Top Mass Measurement in the Lepton + Jets Channel
Using a Multivariate Template Method

Authors
Igor Volobouev, Pedro Movilla Fernandez, John Freeman, Angela B. Galtieri , Jeremy Lys,
(
E-mail to all authors)

Lawrence Berkeley National Laboratory

Result

Our numerical value for the mass of the top quark is
(status of May 2004)

Mtop =179.6+6.4-6.3(stat.) ±6.8 (syst.) GeV/c2

which we extracted from 33 top candidate events found in 162 pb-1 Run II data. The plot at the right shows the reconstructed invariant top mass distribution with the Monte Carlo expectation for the signal for Mtop=180GeV/c2 and the various backgrounds.

Method
In the following we describe our analysis method. Click onto the pictures to get the PostScript versions of the plots shown.
  • For more details, CDF collaborators can check our CDF Note 6970 (password required).
  • Also a public conference note is available.
  • A summary talk is given here.
  • Click here to go to the final results section of this page.

    1. Introduction

    We measure the top quark mass using ttbar events. Each top quark decays into a W boson and a b quark. One of the Ws decays into a charged lepton plus neutrino and the other into two quarks. A fit is made for each event by using energy-momentum conservation, then a likelihood procedure is used to determine the top mass value. We attempt to reduce the jet systematics by calibrating the jet energy scale using the W mass constraint event-by-event. We reduce the statistical uncertainty by estimating the probability to pick the correct permutation on an event-by-event basis and reweight the events according to this probability. We improve the signal/background separation by utilizing other kinematic variables in addition to the reconstructed top mass. We introduce fewer assumptions into the analysis by using non parametric statistical techniques. Kernel density estimation is employed to make multivariate templates and local polynomial regression is used to ensure likelihood continuity.

    2. Event Fitting

    We apply the standard selection criteria for ttbar events in the semileptonic decay mode and perform generic corrections of measured event quantites (such as jet energies) known as ''level 7'' corrections. In addition to theses corrections, we apply top specific corrections developed by our group. For the event reconstruction, we use a special purpose kinematic fitter. A jet energy scale factor (JES) is included in the kinematic mass fit of the hadronic W using a Gaussian constraint. The constraint is a tunable parameter to be optimized in the analysis. All jets in the event for a particular permutation are multiplied by the jet energy scale obtained from the W mass fit. It turns out that adjusting the jet energy scale to get the best W mass in each event leads to a reduction in the jet systematic error (among other things because this procedure partially compensates for fluctuations in the jet fragmentation). However, the price for this reduction is the increase in the statistical uncertainty which occurs because the fitted energy scale is allowed to fluctuate from event to event.
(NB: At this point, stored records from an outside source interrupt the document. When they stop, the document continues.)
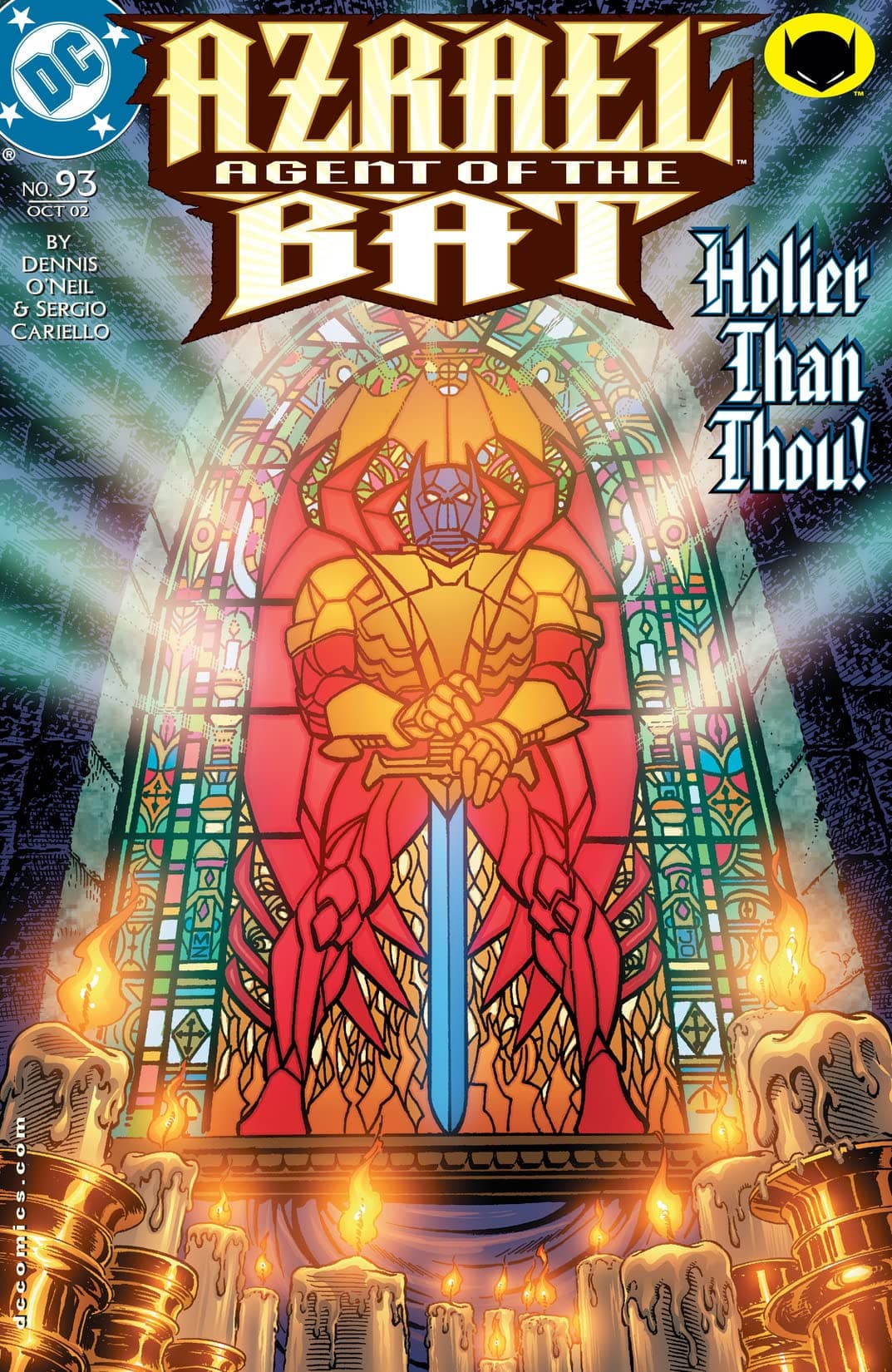 Azrael: Agent of the Bat #93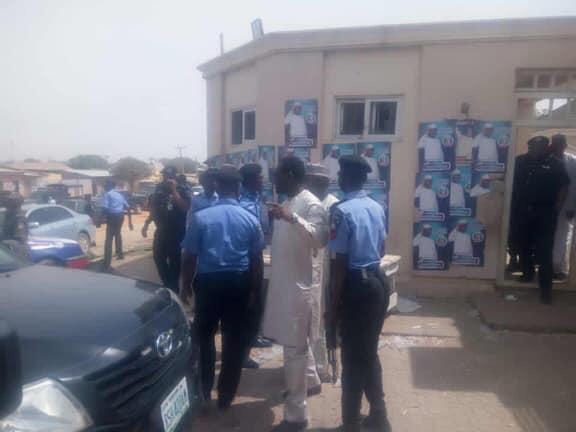 Rep. Abdulmumin Jibrin arrested over attack on Kwankwaso's convoy in Kano Abdulmumin Jibrin Okay ng - Rep. Abdulmumin Jibrin arrested over attack on Kwankwaso's convoy in Kano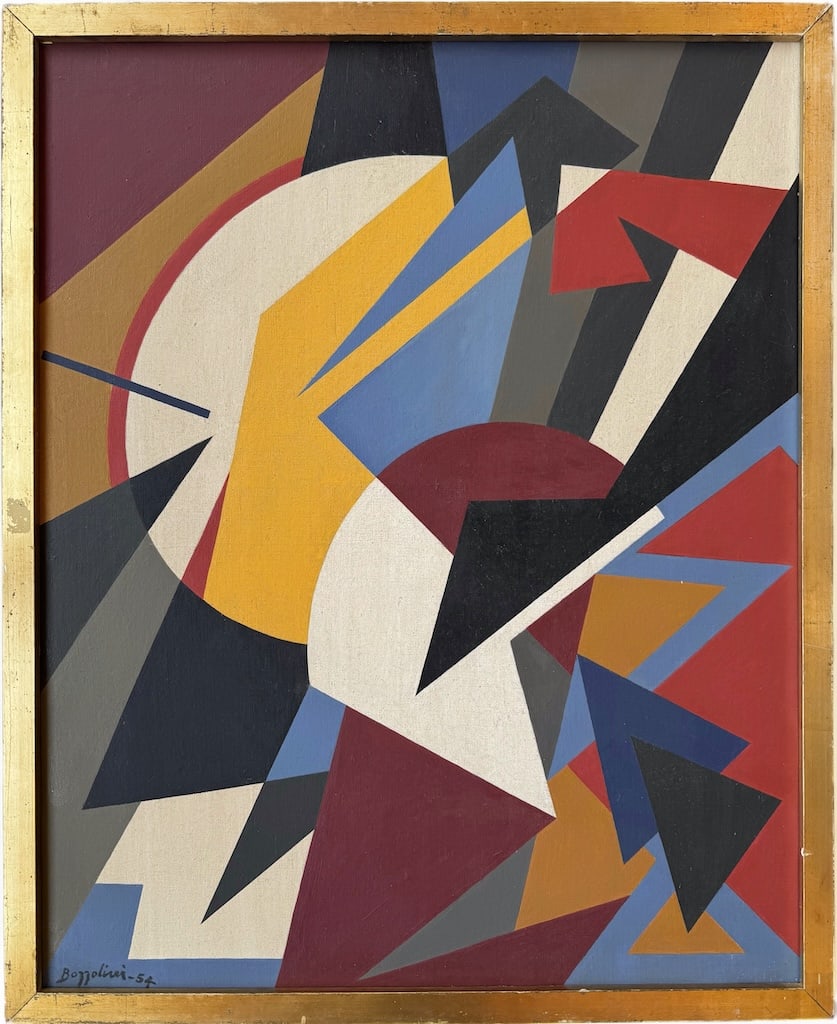Silvano BOZZOLINI (1911-1998) Italian - French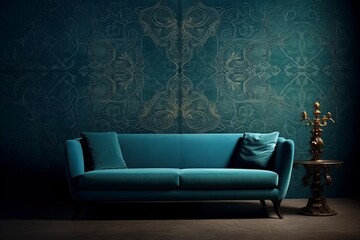 Elegance in Geometry Intricate Pattern Wallpaper
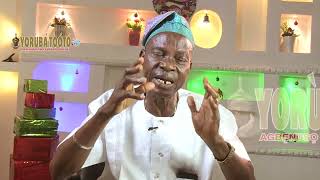 AT LAST!Sir Keyen, veteran Fuji musician speaks on Wasiu Ayinde's money for Fuji Elders+other issues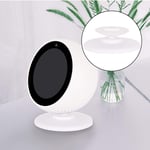 Support De Support De Fixation Magnétique Réglable à 360 Rotations Pour Accessoires Echo Spot Smart Speakers - Blanc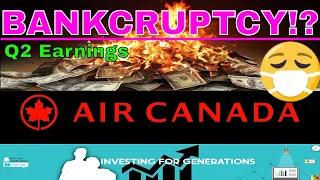 Is Air Canada stock a buy? - Q2 earnings - They burn millions every day😷🙄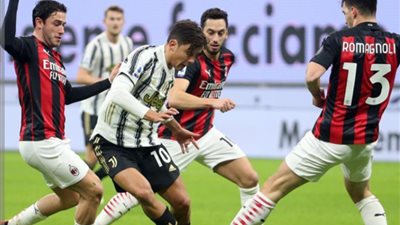 التعادل السلبي يحسم مباراة ميلان أمام إمبولي في الدوري الإيطالي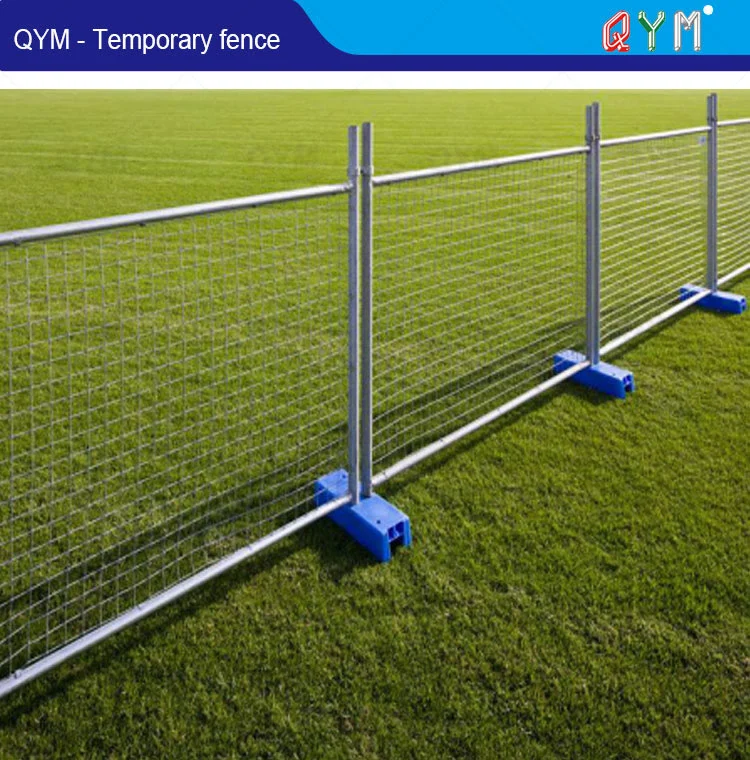 Movable Galvanized Fence Panel Metal Fence Panels Temporary Fence Part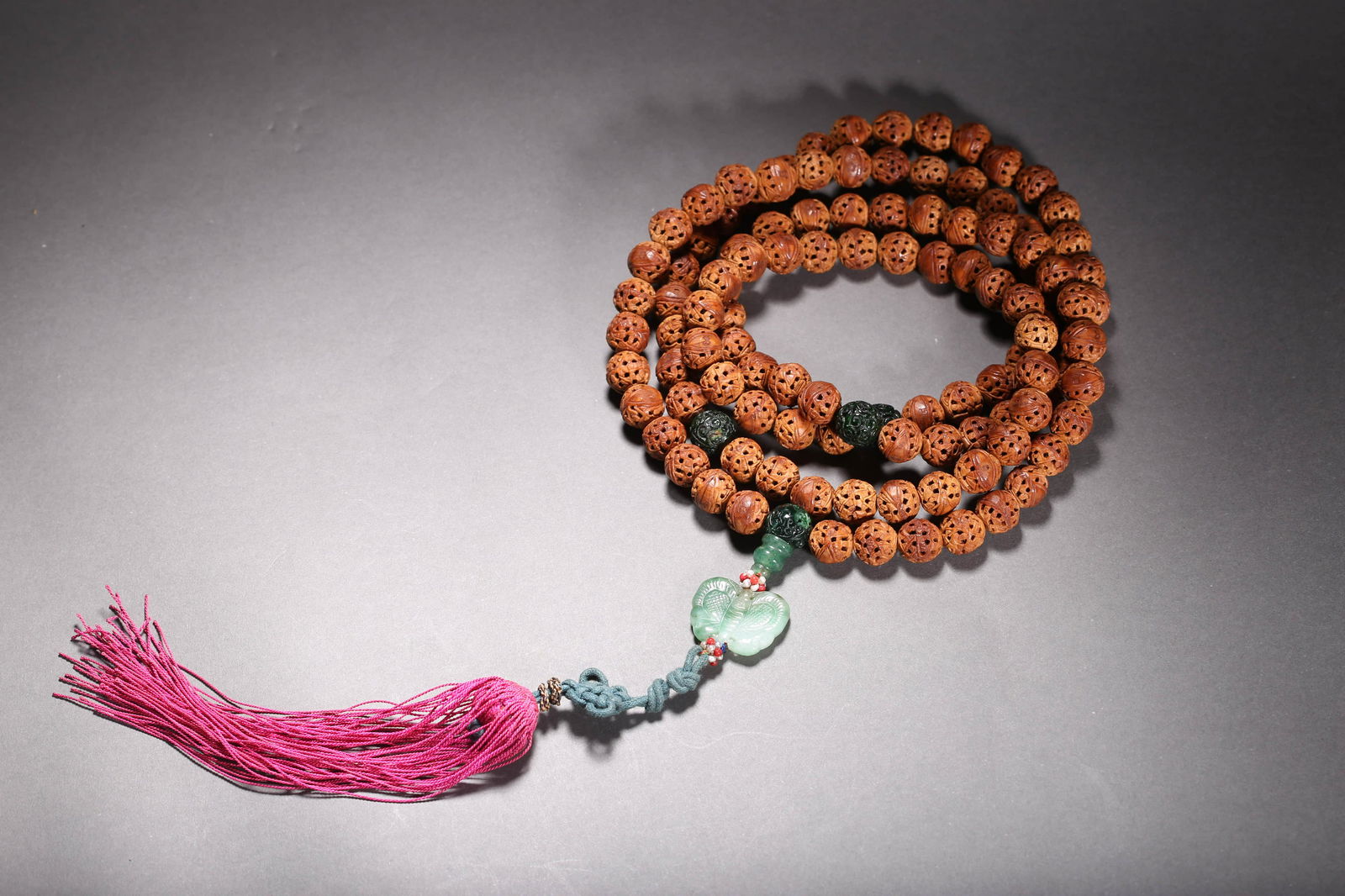 108 Pieces Jadeite Bodhi Hand String (1 of 4)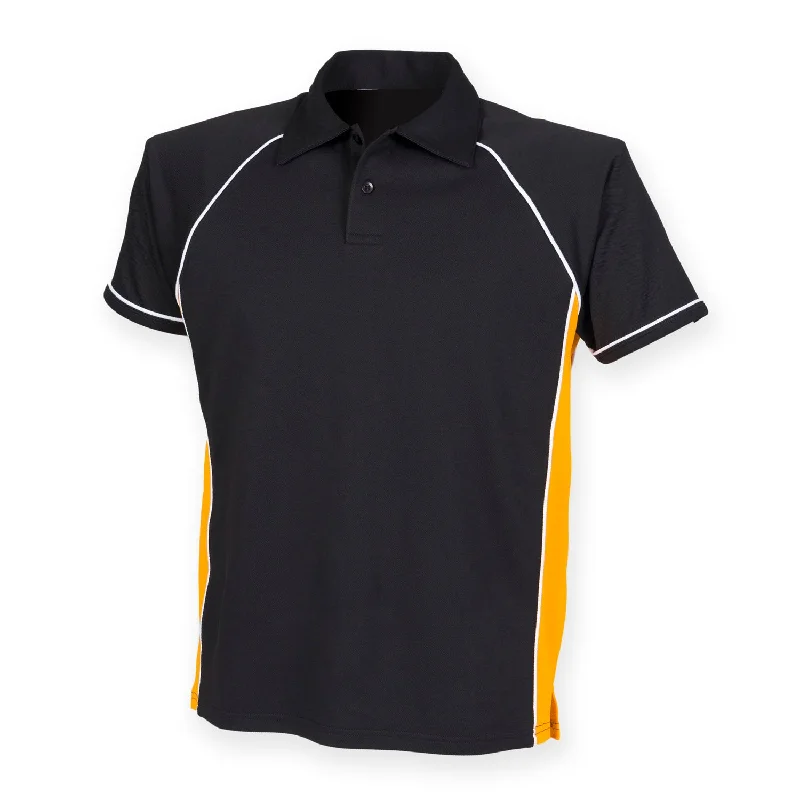Super Savings Finden & Hales Kids Piped Performance Polo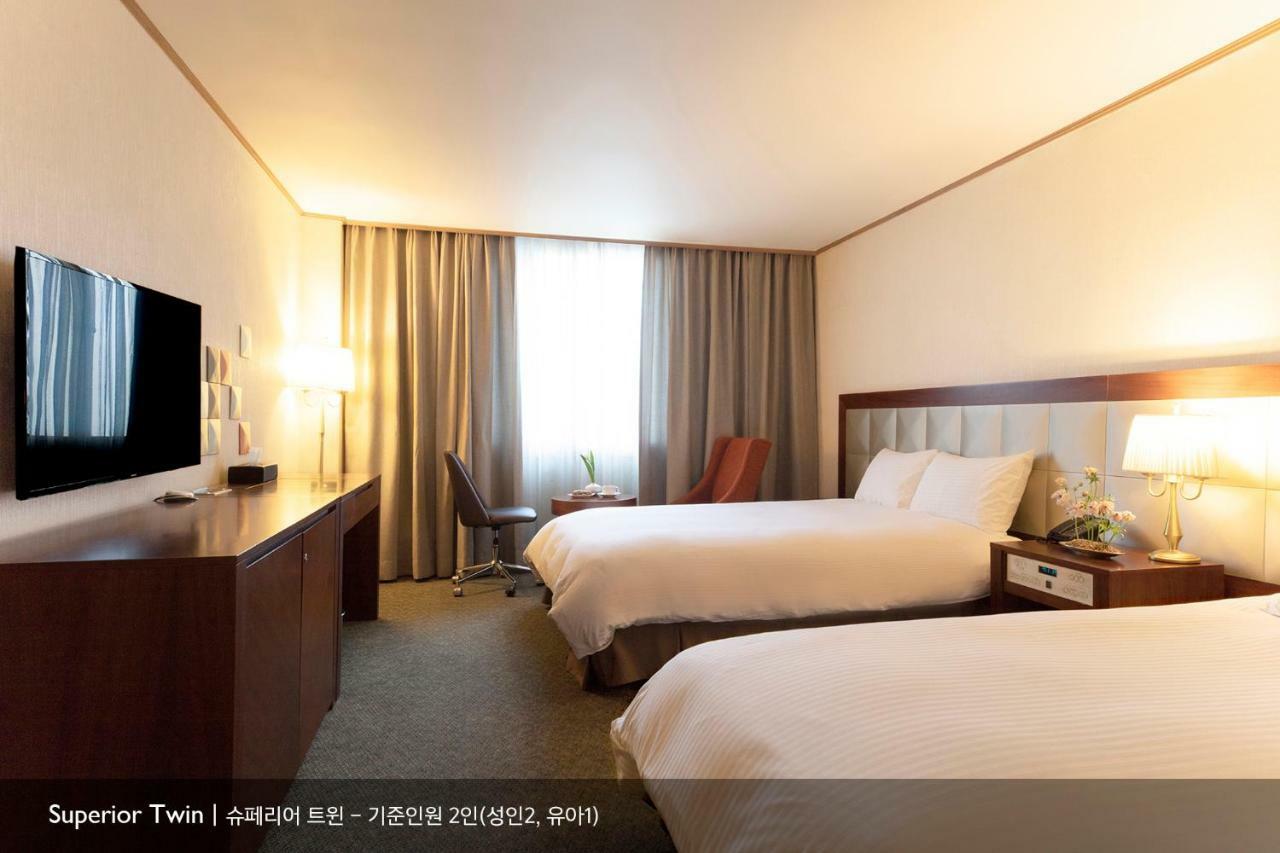 Yousung Hotel Daejeon Eksteriør bilde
    The fitted jet energy scale is different from one jet-to-parton assignment (''permutation'') to another. The plot at the right demonstrates that for the correct permutation, scale shifts due to W mass constraint compensate on average systematic shifts.

    We consider only those solutions for the (ambiguous) neutrino momenta which give the most closest values for the masses of the top quark and the anti-top quark. Furthermore we require that the solutions found by the fitter are consistent with the b tagging information provided by the SVX detector.

    3. Signal Subsamples

    Our method uses three different signal templates: 1. correct permutation samples, 2. incorrect permutation samples (i.e. jets are associated with the quarks but swapped) and 3. samples with incorrect jet assignment (e.g. if a gluon jet is associated with a quark). The knowledge of the subsamples is important since the correct template has much better mass resolution. The Figures at the bottom use ttbar Monte Carlo events to show that the events for which the correct combination was chosen by the fitter give a narrower distribution for reconstructed mass. Also the dependence of the reconstructed mass versus the generated mass has a slope 1. This is not true for the other two cases, i.e., if the correct jets are chosen by the fit but the jet assignment to each top is not correct, or if not all the chosen jets are the correct ones.

    For each event we compute the probability that the solution with the smallest χ2 is the correct one, and weight the event accordingly. The weighting is performed by using different template fractions for the different types of permutations.

    The plot at the right shows that the χ2 distribution itself is less useful to discriminate the correct permutation from the incorrect ones. The first two cases (correct combination and jets are correct, but combination is wrong) are very similar. The third case has a slightly wider distribution.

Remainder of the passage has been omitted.